Enfin, notre diplomatie devra revenir reviendra sur la tendance dangereuse au « criblage » des organisations humanitaires afin de leur permettre d’agir plus librement.

 

Question 6 : 84 % des Franc aises et des Français s’inquiètent du changement climatique et le dernier rapport du GIEC dresse a nouveau un constat urgent. Quelles sont vos propositions, au niveau de l’action internationale de la France, pour garantir le respect de l’Accord de Paris et limiter le réchauffement a +1,5°C ?

► La première des actions diplomatiques d’ampleur de la France consistera à reprendre tous les accords internationaux et à les relire à la lumière des Accords de Paris. Beaucoup d’accords, notamment de libre-échange, devront être dénoncés, puis renégociés. Cela permet d’engager concrètement la diplomatie française dans un travail exhaustif de ce qu’elle a signé.
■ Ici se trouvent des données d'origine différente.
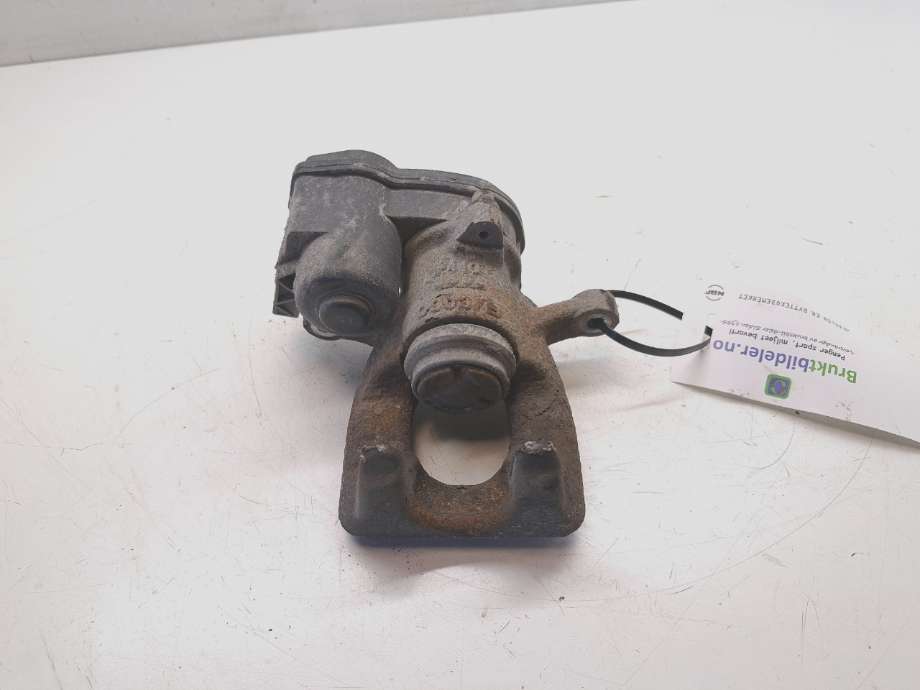 Bremsecaliper høyre bak til Nissan Qashqai, 2014-2021 (Type II) (NISSAN|440014EA0A)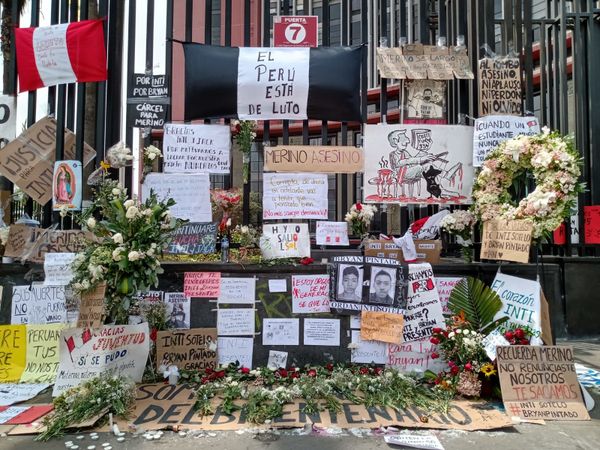 Manifestantes se dirigen al Congreso de Perú en memoria de los fallecidos en protestas - Sputnik Mundo
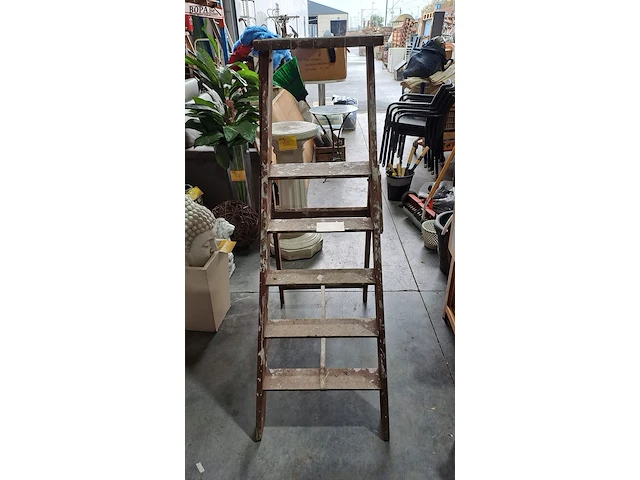 Lot 72 - schildersladder in hout decoratief - afbeelding 3 van  3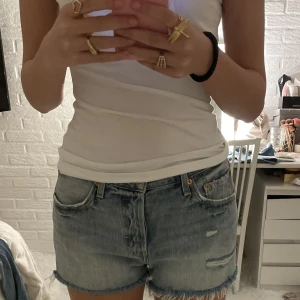 Levis jeansshorts - Snygga Levis ljusblåa jeansshorts🥰köpta på zalando, inte andvända mycket💘  I stolek 27/28= s/m  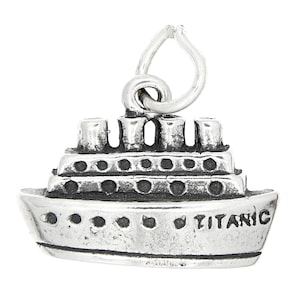 Colgante pequeño de plata de ley con forma de barco Titanic (dije de un solo lado) - con opciones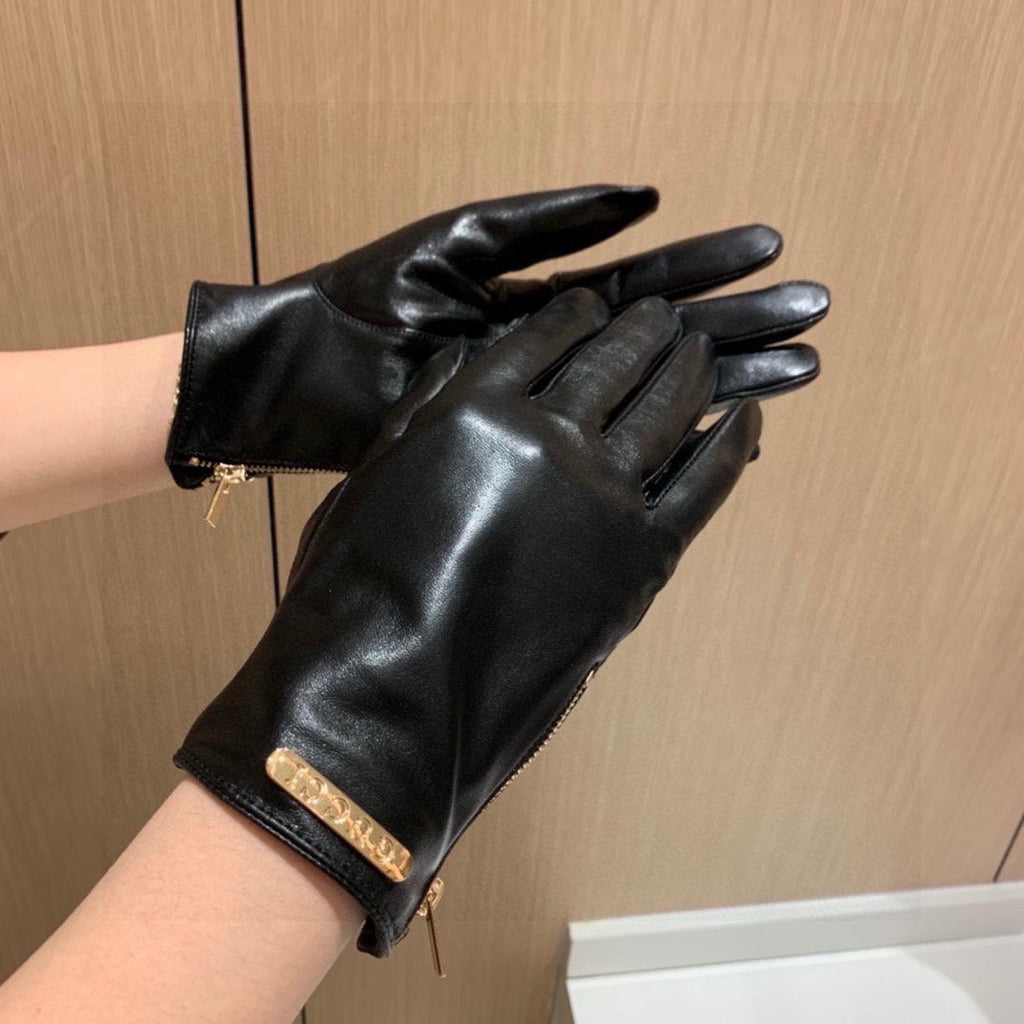 GUCCI TOUCHSCREEN GLOVES WITH SIDE ZIPPER IN BLACK LAMBSKIN 456311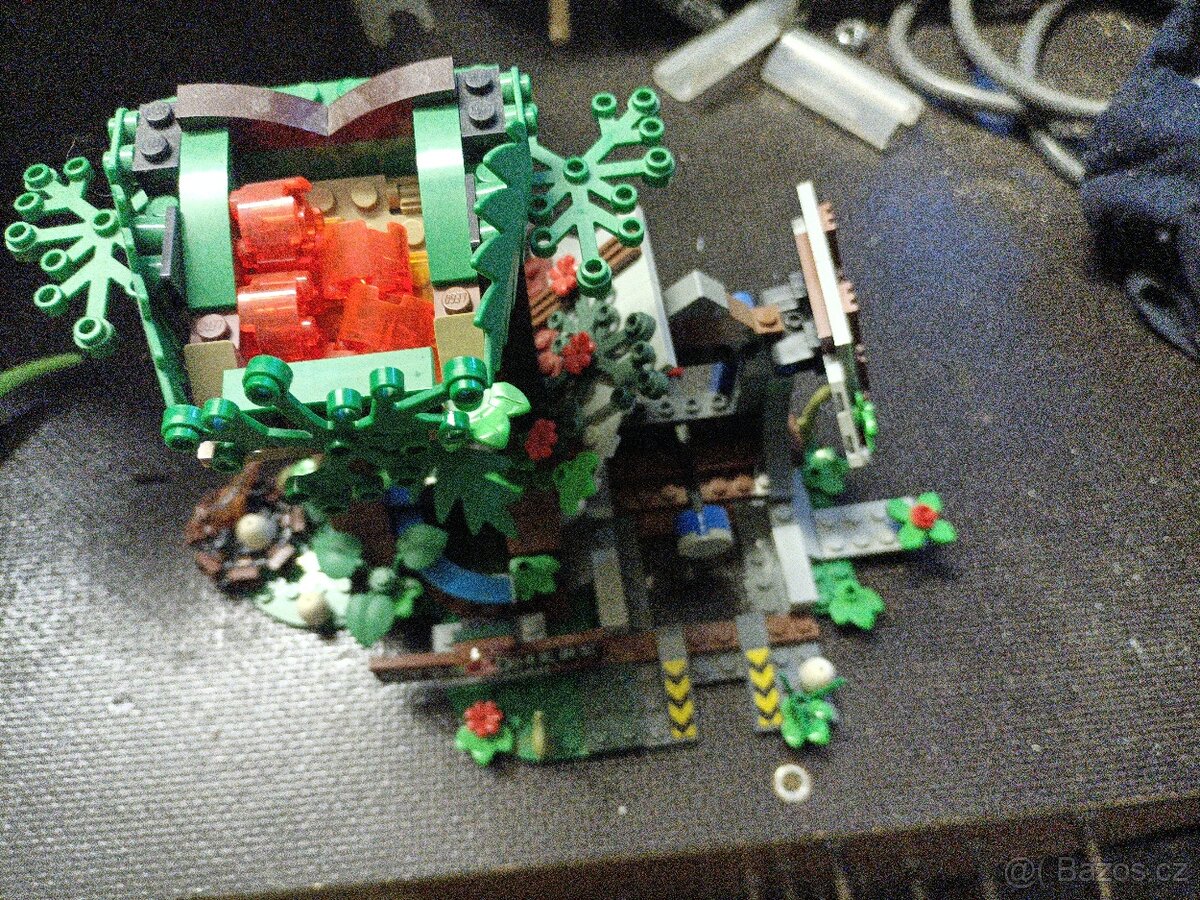 Lego Jurský park - 10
Il est indispensable de maintenir les COP que certains veulent délaisser au prétexte que leurs avancées sont insuffisantes. Leurs rôles restent très utiles tant pour le nécessaire dialogue  international que pour la recherche de solutions communes. Des accords globaux plus efficients sont possibles lors des COP à condition de dégager une vision solidaire du développement humain durable à l'échelle du monde sur la base de décisions qui doivent être contraignantes pour les États mais différenciées et fondées sur des principes de solidarité et d'équité. En effet, la réduction des émissions de GES de chaque pays doit tenir compte de leurs réalités comme de leur projet de développement. Il faut limiter considérablement la présence des lobbies qui freinent l’engagement des États. On a recensé plus de 500 lobbies des énergies fossiles lors de la dernière COP climat à Glasgow. Les engagements doivent être tenus comme la création d’un fonds vert de 100 milliards de dollars par an.

Dans l’urgence au niveau international, il faudra impérativement aider les États à se préparer aux bouleversements climatiques… Plus généralement le défi sera de faire prévaloir un changement de logique, de concilier intimement transition écologique et justice sociale. Dans cette logique il faut d’ailleurs sortir d’une conception de l'Afrique comme étant le réceptacle de nos déchets et des produits de seconde main. Cela passe par un changement de notre législation et le développement de filières de recyclage et de démantèlement en France et d’un transfert, dans ce domaine comme dans d’autres, de technologies.

C’est au Sud, là où les effets se font le plus durement sentir, que les populations souffrent le plus du réchauffement climatique. Or ces pays ne sont pas responsables de la situation en comparaison des pays riches et industrialisés. L’engagement de ces derniers de verser de 100 milliards de dollars par an décidé à Copenhague en 2009, réaffirmé à Paris en 2015, doit être enfin concrétisé. Il n’a pas été atteint à Glasgow. À peine 80 milliards constitués pour beaucoup de prêts (ce qui renforcera la dette des PED). Leur affectation ne couvre que 20 % des besoins d’adaptation. Selon un rapport du PNUE, les besoins des pays du Sud sont de 5 à 10 fois supérieurs. Comme préconisé par le PNUE, nous mettrons en débat la nécessité de porter le Fonds vert à 300 milliards d’ici à 2030 puis de 500 milliards en 2050.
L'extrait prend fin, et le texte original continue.